Apr. 15 2013 11:43 AM
Nicole Fell from NYC

I think that what is not in the conversation is nutrition and the importance proper nutrition has on mental states. As well where amino acids fit in the treatment program instead of synthetic drugs.

Apr. 15 2013 11:34 AM
jgarbuz from Queens

>What is to be done with those who cannot be rehabilitated and are a danger to society? <

Give them a padded cell with an internet connection;) Just like me :)

Apr. 15 2013 11:32 AM

can Dr. Sederer speak about people with developmental disabilities that wind up in OMH care? Often this is due to severe behaviors that can't be managed in the community as the person matures into adulthood. Often, faced with jail, they are placed with OMH because there are no longer developmental centers because of downsizing of developmental centers and OPWDD.

Apr. 15 2013 11:32 AM
Christine from Westchester

Isn't there a big difference between treatable issues and things that simply cant be solved among the mentally ill? Just like physical illness, there are things you can fix, things you can't. What is to be done with those who cannot be rehabilitated and are a danger to society?

Apr. 15 2013 11:26 AM
SS from NYC

I am thrilled to hear this segment on WNYC right now. I have been very concerned about this conversation on "background checks" on what exactly this means. Gun regulation is extremely important, but the "background check" sound bite all over the media, without much description, scares me.

I'm someone who has had two relatively mild breakdowns in her life, due to lack of sleep and stress, but still needed to be hospitalized and medicated. It has been almost 10 years since my last breakdown, I'm no longer on meds, and my therapist would tell you I would no longer be considered mentally ill -- but with all this, I wonder, would someone like me, and my immediate family members, never be allowed to own a gun (if it was something we were even interested in)?

I don't think we can resolve our gun regulation problems with this blanket "background check," because there is so much to the issues and stories of mental health.

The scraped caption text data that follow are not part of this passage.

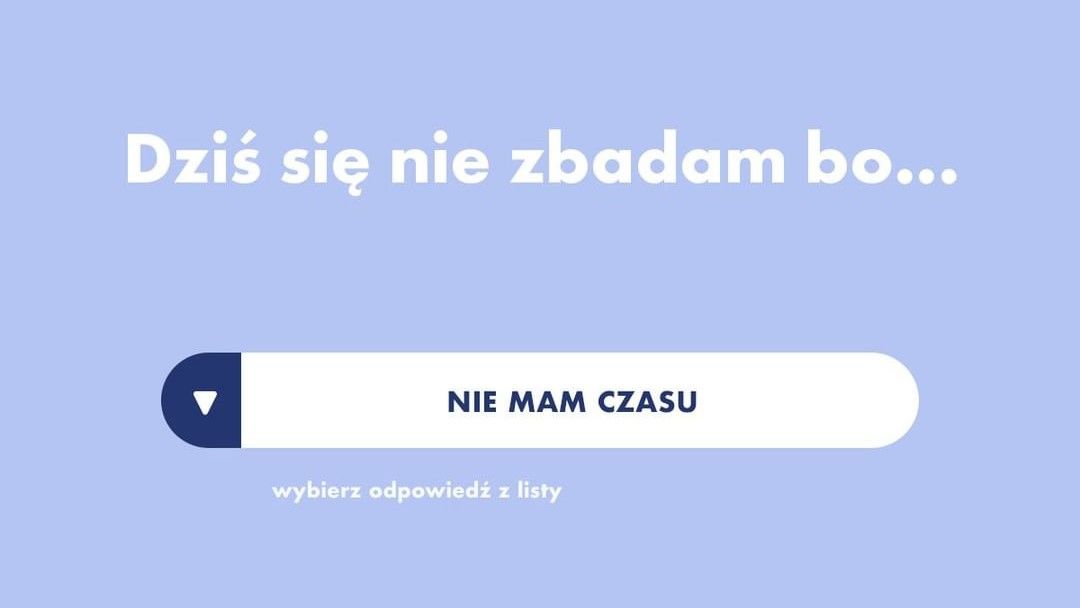Catering dietetyczny bezpłatnie przebada swoich klientów. Ta kampania uświadamia, jak ważna jest morfologia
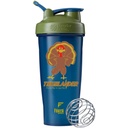 Forza Sports Blender Μπουκάλι x Classic 28 oz. Σέικερ - Thighlander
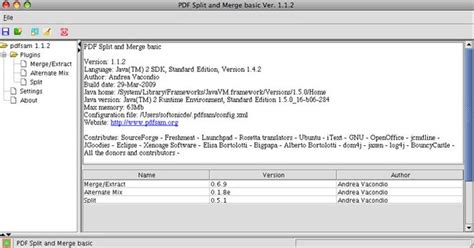 Image result for PDF Split and Merge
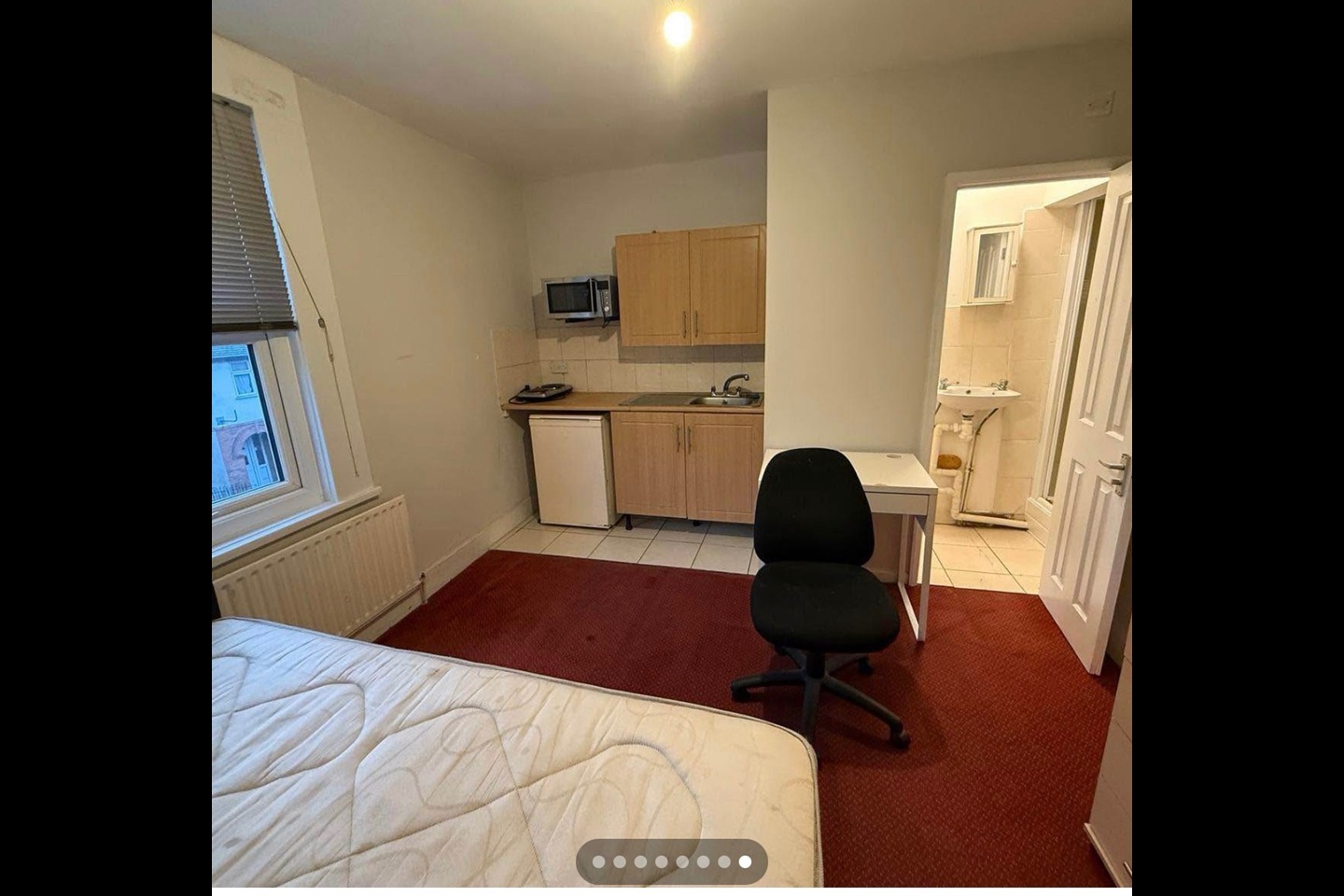 Room in a Shared House, Sherman Road, RG1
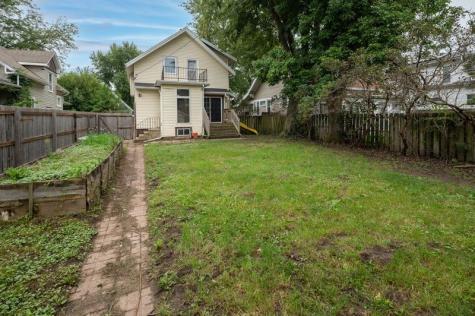 821 Camburn Court SE Cedar Rapids IA 52403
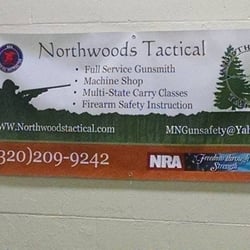 Northwoods Tactical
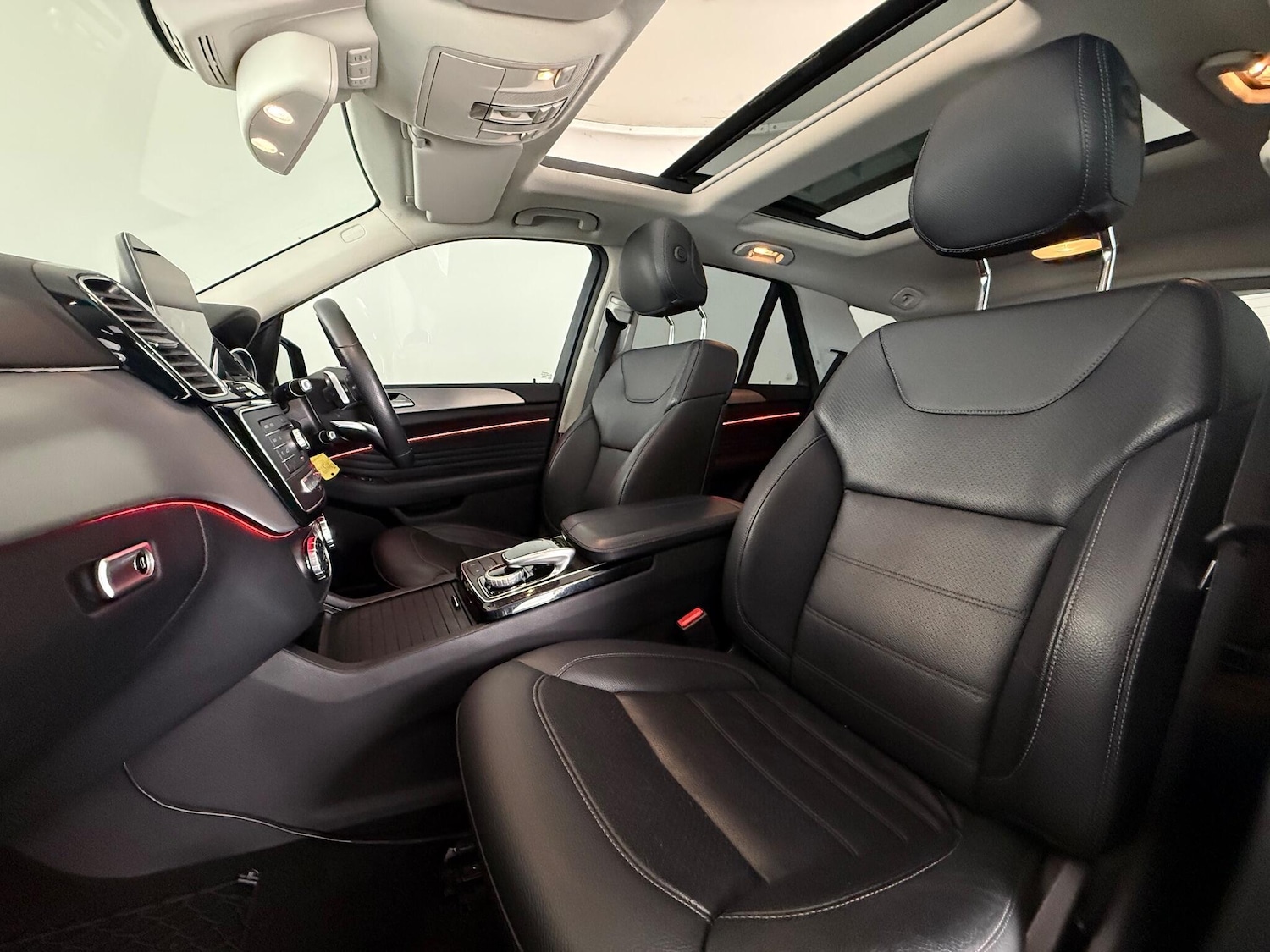 Used Mercedes-Benz GLE for sale - 76729070: Photo 16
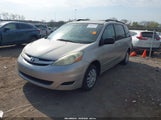 Toyota Sienna Le 5TDZA23C46S429542 снимка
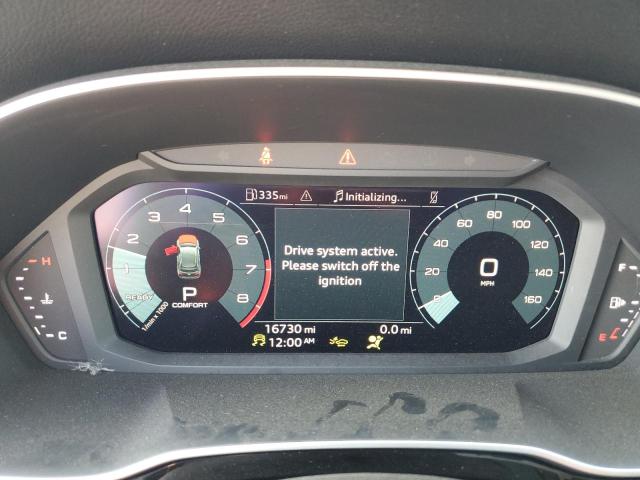 2024 AUDI Q3 PREMIUM WA1DECF34R1126658
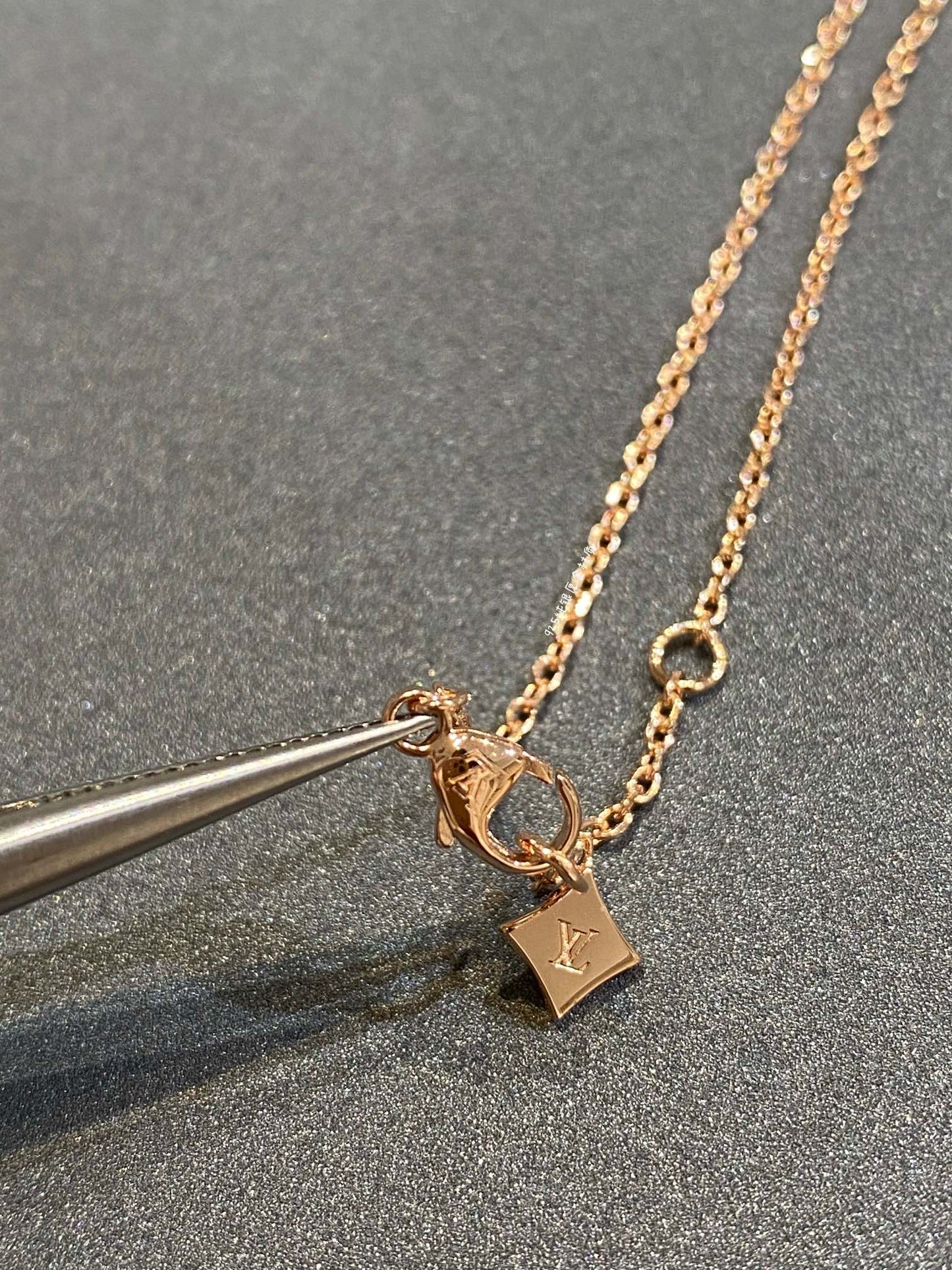 [Solara Jewelry]STAR DIAMOND NECKALCE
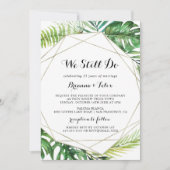 Geometrische bestemming We doen nog steeds aan ver Kaart (Voorkant)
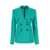 Max Mara Max Mara Jackets And Vests GREEN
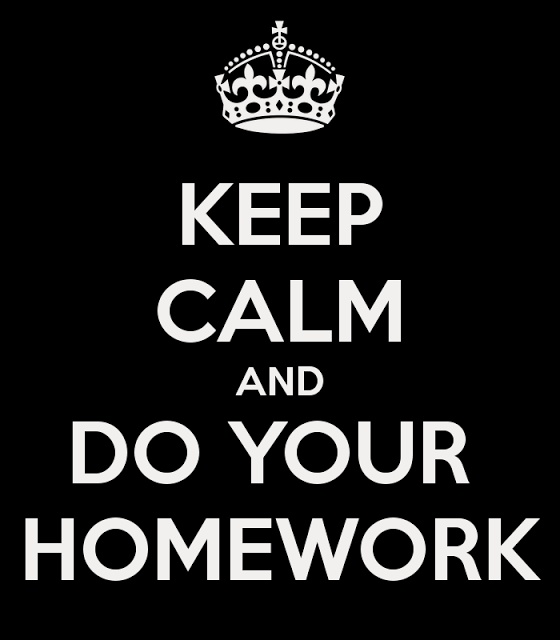 People who will do your homework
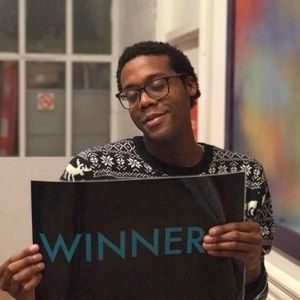 Meet your Posher, Evan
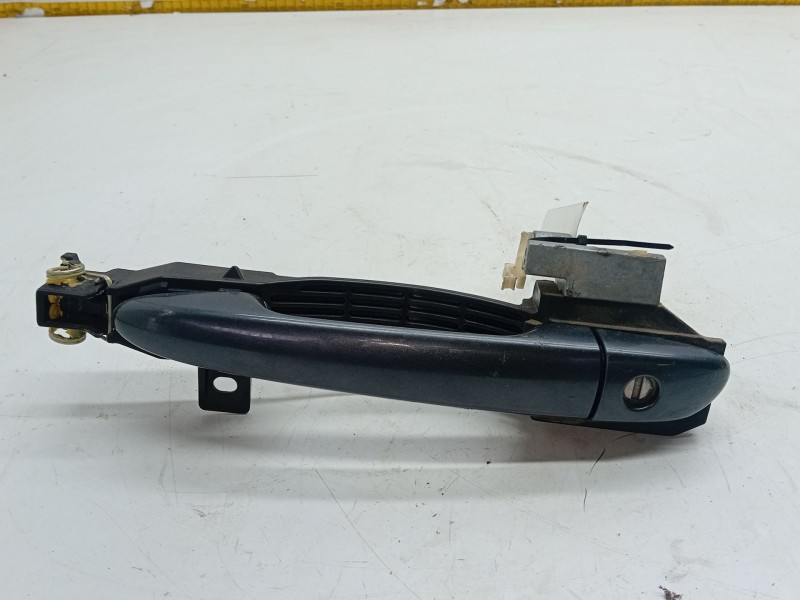 Recambio de maneta exterior delantera izquierda para mazda cx-5 (ke, gh) 2.2 d awd (ke2aw) referencia OEM IAM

Anyway, it would be good to see more in the media about what these "background checks" actually consist of?

Apr. 15 2013 11:23 AM
Laura from brooklyn

first, very important and long overdue book! i work as a psychologist in a community mental health clinic serving a highly traumatized poor population. our clinicians are overwhelmed with the quantity of patients ( several caseloads for full timers are over 100!) and the intensity of their needs. it's a struggle to provide quality treatment. i would imagine this book will lead to even more referrals. how can the clinicians address their needs in the current health "care" climate?

Apr. 15 2013 11:21 AM
jgarbuz from Queens

I believe much anti-social behaviors, be they a form of striking out, or the opposite being withdrawing to within, are labelled as "mental health" problems. Often these behaviors are just the byproduct of social rejection. That is to say, negative feedback from the human environment. When the human environment rejects another human for whatever reason, that rejected human will react in certain ways, often in ways that get him or her "mentally ill."

Of course there is genetic mental illness in which anti-social behavior is somehow inscribed in one's DNA. We call those people psychopaths or sociopaths or hardened criminals.

Apr. 15 2013 11:19 AM
Truth & Beauty from Brooklyn

What should be a priority is teaching people how to recognize what they see in terms of mental health issues so sufferers can get treatment early. I see far too many mentally ill people out on the streets who would have benefitted from early diagnosis and treatment, but are now homeless or inappropriately treated with medications that would not have been necessary with early diagnosis. As with all medical conditions, an ounce of prevention is worth a pound of cure.